Villains and antagonists allow writers to give conflict a personality, and lend a face to the choice at the heart of your story. 

Generally speaking, the longer your story, the more likely you are going to need a villain.

How Good Villains Make Great Stories

A good hero will hook us into a story.

A good villain will make us crave the story’s resolution, and keep us turning page after page.

How?

Good villains will hook your readers immediately. They can highlight your hero’s greatest virtues… and bring out their worst vices. Good villains will force your hero into action, and drive the story relentlessly forward.

But most of all: a villain will immerse you into a story.  

Have you ever felt real hatred for a fictional character? It makes you feel like the story is happening to you.

The Villain Spectrum of Sympathy

Some characters never get a chance.

Others are fanatics; they believe they are doing the right thing… and to them, failure is worse than death. 

…and some characters are born with a mouthful of flaming coal, laughing as they burn everything in spitting distance.

There is a vast spectrum of villainy at your fingertips. Where does your villain fall? 

To the left, you have the hateful. To the right, you have the sympathetic (and often tragic).

And in the center… lies a special kind of madness.

Throughout the course of their lives and your story, your villains may move across the spectrum, pendulously swinging between redemption and utter darkness.

Remember: movement along this spectrum is a powerful tool to make your villains feel dangerous and alive

  1. What is an Unsympathetic Villain?

An unsympathetic villain is a character whose motivations are pure evil. 

The audience is meant to hate (or fear) this character. But that hatred is useful; something about the power this character wields will glue your readers to the page…

Examples

  • Emperor Palpatine, Star Wars
  • Joffrey Baratheon, Game of Thrones
  • Dolores Umbridge, The Harry Potter Series
  1. What is a Sympathetic Villain?

A sympathetic villain is a character who believes they are doing the right thing. Often, they believe they are the hero of the story. 

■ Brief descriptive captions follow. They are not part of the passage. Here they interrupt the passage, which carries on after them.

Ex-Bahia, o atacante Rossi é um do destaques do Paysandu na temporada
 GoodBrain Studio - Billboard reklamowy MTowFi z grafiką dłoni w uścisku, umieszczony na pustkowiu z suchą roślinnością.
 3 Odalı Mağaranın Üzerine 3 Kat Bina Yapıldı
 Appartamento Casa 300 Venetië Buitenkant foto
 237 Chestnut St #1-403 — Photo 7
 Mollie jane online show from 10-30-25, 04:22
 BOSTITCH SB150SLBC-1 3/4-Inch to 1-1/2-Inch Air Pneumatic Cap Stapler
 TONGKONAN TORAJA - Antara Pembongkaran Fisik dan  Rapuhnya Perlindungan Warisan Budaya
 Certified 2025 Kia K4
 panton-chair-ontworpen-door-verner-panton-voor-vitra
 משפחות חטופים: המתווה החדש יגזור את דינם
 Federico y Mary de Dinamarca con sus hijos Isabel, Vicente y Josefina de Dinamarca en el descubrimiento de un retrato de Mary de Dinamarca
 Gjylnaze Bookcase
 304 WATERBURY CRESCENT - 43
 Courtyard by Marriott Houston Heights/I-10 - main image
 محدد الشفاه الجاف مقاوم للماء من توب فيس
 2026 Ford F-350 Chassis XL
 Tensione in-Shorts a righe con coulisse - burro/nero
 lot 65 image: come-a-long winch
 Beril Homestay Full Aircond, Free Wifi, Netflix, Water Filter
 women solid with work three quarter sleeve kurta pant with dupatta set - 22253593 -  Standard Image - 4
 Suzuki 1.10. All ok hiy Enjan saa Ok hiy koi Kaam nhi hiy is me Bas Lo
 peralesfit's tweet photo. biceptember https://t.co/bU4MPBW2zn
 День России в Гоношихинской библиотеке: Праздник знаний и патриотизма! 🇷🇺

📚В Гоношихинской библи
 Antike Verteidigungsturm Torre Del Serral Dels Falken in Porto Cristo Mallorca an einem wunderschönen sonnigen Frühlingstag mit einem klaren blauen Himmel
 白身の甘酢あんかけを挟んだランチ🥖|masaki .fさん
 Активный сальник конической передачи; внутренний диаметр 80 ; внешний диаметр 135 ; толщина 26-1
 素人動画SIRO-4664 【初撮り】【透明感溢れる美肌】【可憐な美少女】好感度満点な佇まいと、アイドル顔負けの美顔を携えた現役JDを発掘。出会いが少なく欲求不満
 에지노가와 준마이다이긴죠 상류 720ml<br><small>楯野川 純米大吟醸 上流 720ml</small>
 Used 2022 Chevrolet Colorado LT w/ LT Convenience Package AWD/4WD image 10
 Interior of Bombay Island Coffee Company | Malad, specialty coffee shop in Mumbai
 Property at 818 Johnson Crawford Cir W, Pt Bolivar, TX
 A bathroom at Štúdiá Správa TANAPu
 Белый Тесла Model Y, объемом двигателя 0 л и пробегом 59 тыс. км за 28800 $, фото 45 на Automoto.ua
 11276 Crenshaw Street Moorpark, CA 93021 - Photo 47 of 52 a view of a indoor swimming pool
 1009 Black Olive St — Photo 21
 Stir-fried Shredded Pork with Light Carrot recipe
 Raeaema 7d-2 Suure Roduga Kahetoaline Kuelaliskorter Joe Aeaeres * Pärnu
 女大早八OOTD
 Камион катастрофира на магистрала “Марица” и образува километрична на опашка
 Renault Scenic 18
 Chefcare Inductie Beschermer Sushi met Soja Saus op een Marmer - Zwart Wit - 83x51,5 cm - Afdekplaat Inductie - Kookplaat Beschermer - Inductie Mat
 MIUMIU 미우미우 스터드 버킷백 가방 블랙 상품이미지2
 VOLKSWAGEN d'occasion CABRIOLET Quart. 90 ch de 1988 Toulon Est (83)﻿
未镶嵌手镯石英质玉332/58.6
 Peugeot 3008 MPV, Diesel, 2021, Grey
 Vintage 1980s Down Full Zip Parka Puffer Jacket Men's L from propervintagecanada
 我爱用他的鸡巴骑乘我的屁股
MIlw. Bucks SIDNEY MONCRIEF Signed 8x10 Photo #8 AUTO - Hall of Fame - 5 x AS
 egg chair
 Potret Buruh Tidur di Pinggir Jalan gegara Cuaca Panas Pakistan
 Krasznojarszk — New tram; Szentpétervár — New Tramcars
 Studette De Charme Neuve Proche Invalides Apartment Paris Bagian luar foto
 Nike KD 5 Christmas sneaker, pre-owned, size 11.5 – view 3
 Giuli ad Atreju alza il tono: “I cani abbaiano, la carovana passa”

They earn sympathy from the audience by having a tragic past, or a “moral” motivation. Sympathetic villains become villainous by taking their motivation too far… or by simply entering the main conflict on the opposite side of the Hero.  

Examples

  • Loki, Thor
  • Zuko, Avatar: The Last Airbender
  • Darth Vader (Anakin Skywalker), Star Wars
  1. What is a Volatile Villain?

A volatile villain is a character whose disposition flips back and forth, and doesn’t show their true colors until the very end. 

You may not even realize this character is evil until – at the very moment of redemption – they choose “the wrong way.” While all villains should be unpredictable, this character thrives on uncertainty. 

Because of the inherent tension of “will they, won’t they,” this villain can also make an excellent protagonist.

Examples: 

  • Jack, The Shining
  • Walter White, Breaking Bad
  • Saruman, The Fellowship of the Rings

Step 1: Motivate Your Villain

A villain with a motivation is a timed bomb.

When you give your villains powerful motivations, they take over the story. They raise the stakes, they hold the tension, and they force the hero to take drastic action.

But motivation can also be a tool to make your villains more complex… more mysteriously interesting….

Your villain may have multiple goals, some of which may conflict with their central motivation.

For example, say we have a villain who wants to dominate the whole world. What happens when his beloved daughter rebels, and joins forces with the hero to stop her own father? 

How your villain reacts will show us far more about than any description ever could. This is a fantastic way to show, and not tell, what makes your villain tick.

Step 2: Plant the Seeds of “Why” in Their Backstory

Once you know what your villain wants…

You need to understand WHY they want it. 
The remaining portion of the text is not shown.